─── STORED DATA

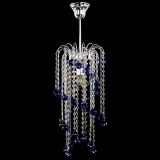 Люстра Зима каскад шар 30 синяя в Химках Люстра Зима каскад шар 30 синяя в Химках
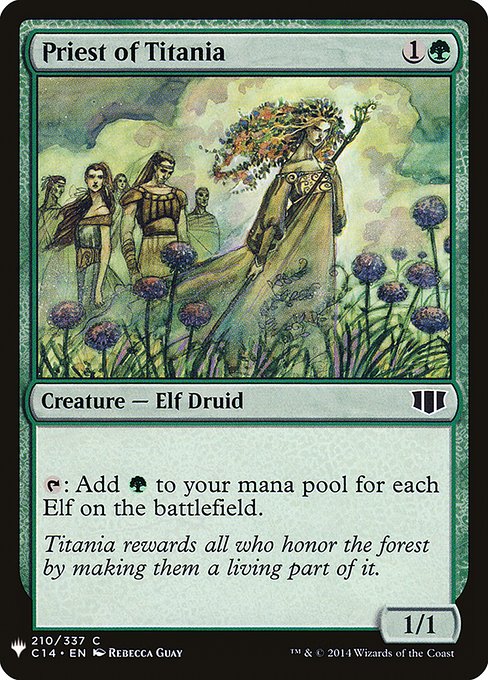 Priest of Titania [Mystery Booster #1299] (C14-C)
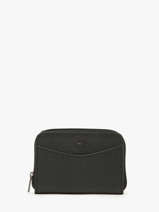 Porte-monnaie Madras Cuir Etrier Noir madras EMAD900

──────

▶ _ASSIGNMENT_
Reproduce the listing exactly, but keep its images out of the copy.

▶ _ANSWER FOR THIS EXERCISE_
 Люстра Зима каскад шар 30 синяя в Химках Люстра Зима каскад шар 30 синяя в Химках
 Priest of Titania [Mystery Booster #1299] (C14-C)
 Porte-monnaie Madras Cuir Etrier Noir madras EMAD900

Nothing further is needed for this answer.